What is expected: Go to the line with "Забыл свои корни: главаря" in the records below, then output it and each following line exactly, up to and including the line with "FIAT GRAND SIENA". Skip pictures and add nothing.

======== The data

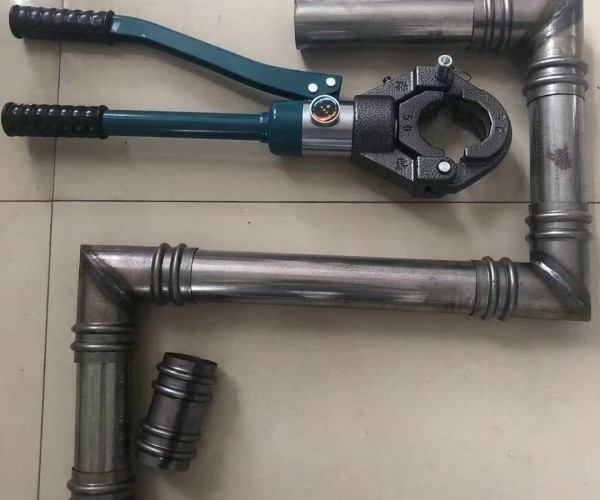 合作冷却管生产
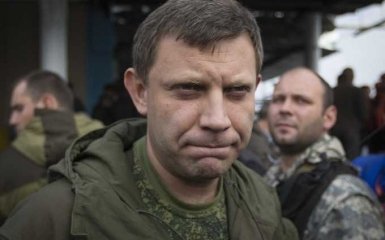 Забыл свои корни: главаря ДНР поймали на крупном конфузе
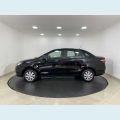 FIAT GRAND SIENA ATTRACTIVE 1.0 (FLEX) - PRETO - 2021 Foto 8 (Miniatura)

================
======== The data

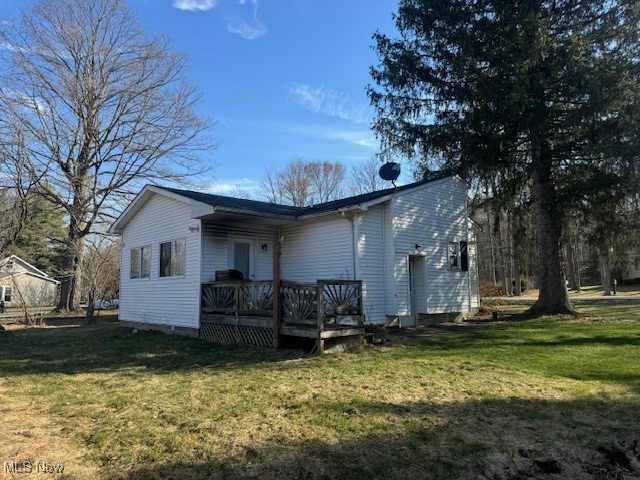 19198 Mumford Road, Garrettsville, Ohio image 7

================
======== The data

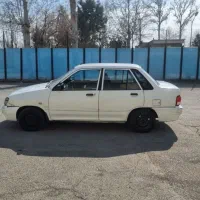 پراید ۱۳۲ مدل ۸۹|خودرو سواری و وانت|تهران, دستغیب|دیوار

================

Response below:
 Забыл свои корни: главаря ДНР поймали на крупном конфузе
 FIAT GRAND SIENA ATTRACTIVE 1.0 (FLEX) - PRETO - 2021 Foto 8 (Miniatura)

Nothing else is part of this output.